Uma das maiores contribuições da Itália para o mundo foi o risoto. A maior foi a mulher italiana, sem dúvida. Rasgações de seda à parte, o risoto é um prato fantasticamente simples e sofisticado ao mesmo tempo. E pode-se fazer risoto de qualquer coisa. Cogumelos, frutos do mar, carne, tomates secos, morangos, tudo vai bem no risoto. Tudo mesmo. Folheando o caderno de gastronomia do jornal, constato que é verdade.

Mais uma das intermináveis receitas de risotos: 400g de arroz italiano, 200g de abóbora, 200g de urtigas frescas, sal a gosto, etc, etc. Tudo básico. Dos itens relacionados, só não tenho as urtigas frescas. Sempre posso apelar à vizinha: “Bom dia Dona Heloisa, a senhora não teria urtigas frescas para me emprestar? Hoje me pegaram no contra-pé, esqueci de comprá-las com o pão e o leite”. Dei-me mal, ela usara o resto no suflê de ontem. Se a vizinha não as tem, vamos ao mercado então. “Boa tarde! As urtigas estão fresquinhas?”. Esperava que dissessem: “Estão sim, o rapaz que as trouxe está cheio de urticárias, só de colhê-las!”. Mas ouvi um: “Estamos em falta, uma senhora passou por aqui e levou tudo!”. Seria a Dona Heloísa?

Ponto e barra de retrocesso. Urtigas frescas?

Li novamente, não seriam formigas? Não, são urtigas mesmo, frescas ainda por cima. Deve se tratar de um risoto realmente estimulante. Não, estimulante é fraco, urticante talvez seja melhor. Se a Banca 643 do mercado não as tem, aonde irei encontrá-las? O Seu Zé me sugeriu procurá-las no mato. Boa idéia, como descubro que cara tem uma urtiga? Esfregando as folhas na mão? Sempre há aquelas histórias sobre alguém que estava “apertado” e acabou descobrindo empiricamente a cara da urtiga, não exatamente na cara.
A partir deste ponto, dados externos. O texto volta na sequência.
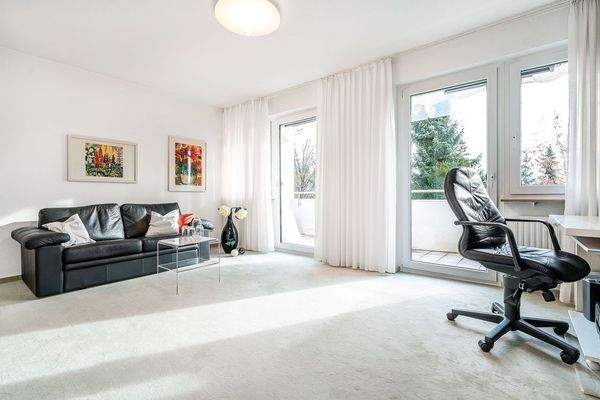 4 Schlafzimmer mit Balkonzugang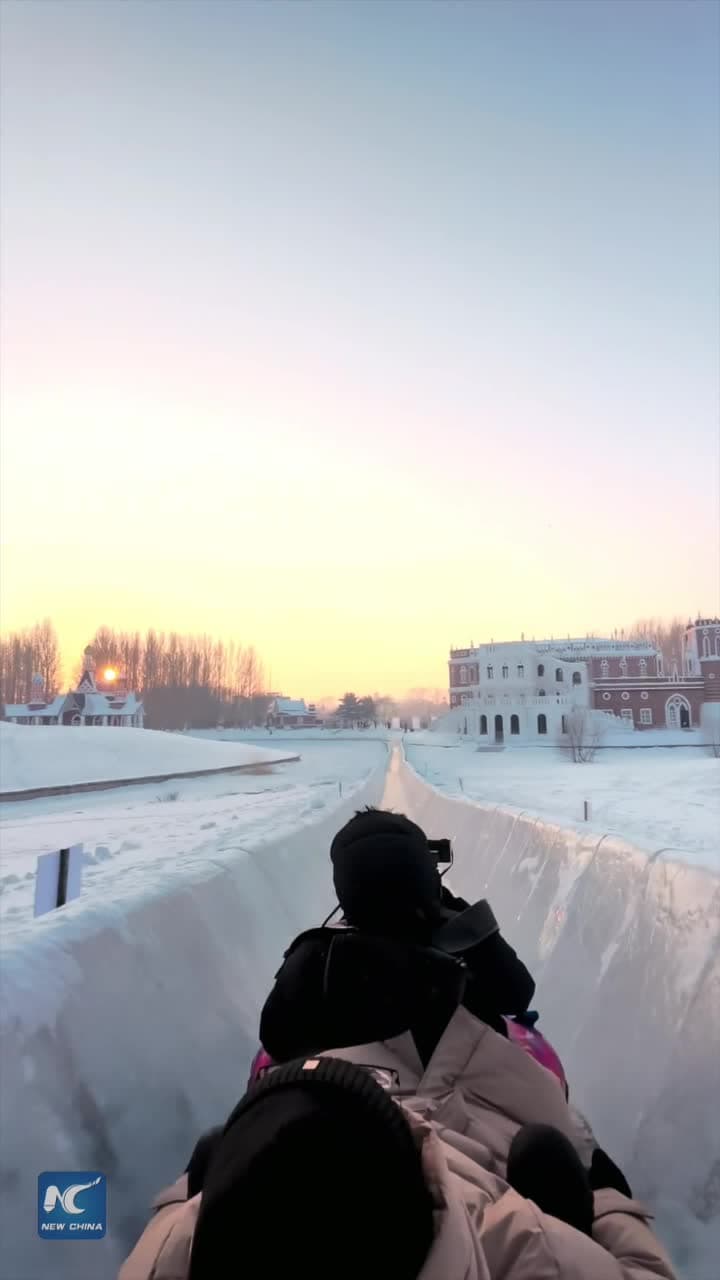 นั่งเลื่อนลง 'สไลด์เดอร์น้ำแข็ง' จุดเช็กอินท้าลมหนาวในฮาร์บิน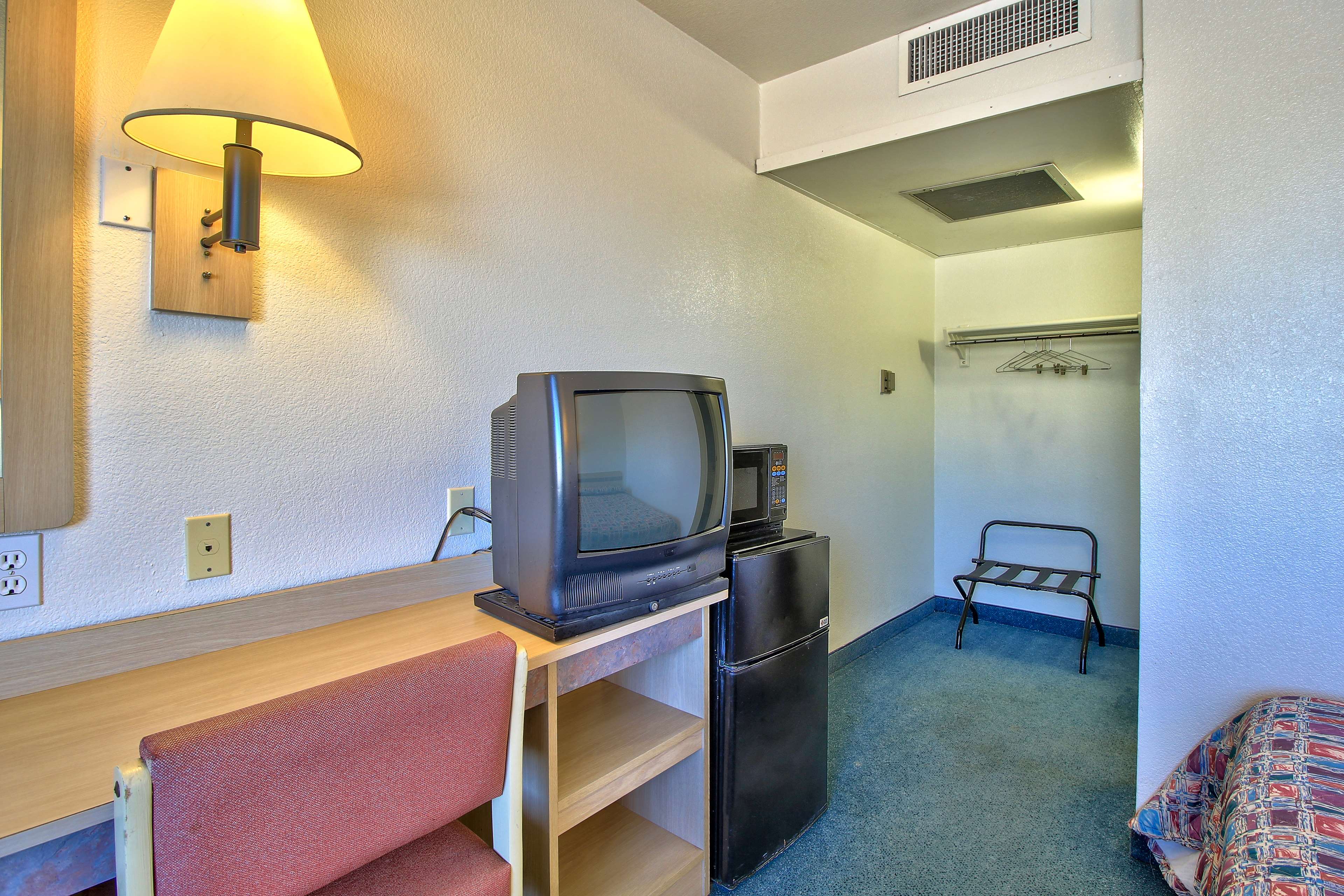 Motel 6 Douglas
Caso não as encontre, haverá substituto? Os chefes de cozinha dirão: “Sem urtigas frescas, esqueça!”. Como não sou chefe da cozinha, ocorreu-me que poderia haver um substituto mais fácil de se obter: rúculas. Já sei, rúculas não queimam como urtigas, nem tem cara de urtigas. Aí é que entra a criatividade culinária. Urtigas queimam porque contêm ácido fórmico, produzido pelas formigas vermelhas (e pelas urtigas). Basta um pedaço de pão para atrair as formigas. Depois é só centrifugá-las, em qualquer centrifuga, dessas de laboratório mesmo, e extrair o ácido por destilação. Pode usar o destilador de pinga do vovô. Aspergindo o ácido sobre as folhas, - Voilà - temos urtigas sintéticas frescas. Como apenas o sujeito “apertado” deve lembrar-se da cara da urtiga, e olhe lá, a rúcula fórmica passa despercebida.

Está querendo saber por que alguém em sã consciência colocaria urtigas na receita? Bem, não sei a resposta. Tem algo a ver com o dia das bruxas. Certo, alguém que ofereça um prato desses só pode ser chamada de bruxa. O argumento de que a fervura retira o ácido não é muito convincente. Alguém deve ter provado esse negócio antes e errado o ponto de entrada da urtiga. Silenciou sobre o assunto. Ninguém conseguiu entender os gritos.

Cozinha chique é assim mesmo. Tem essas coisas de coar o molho no saco do aspirador de pó, adicionar raspas de palmilhas de botas velhas e musgo de telhado.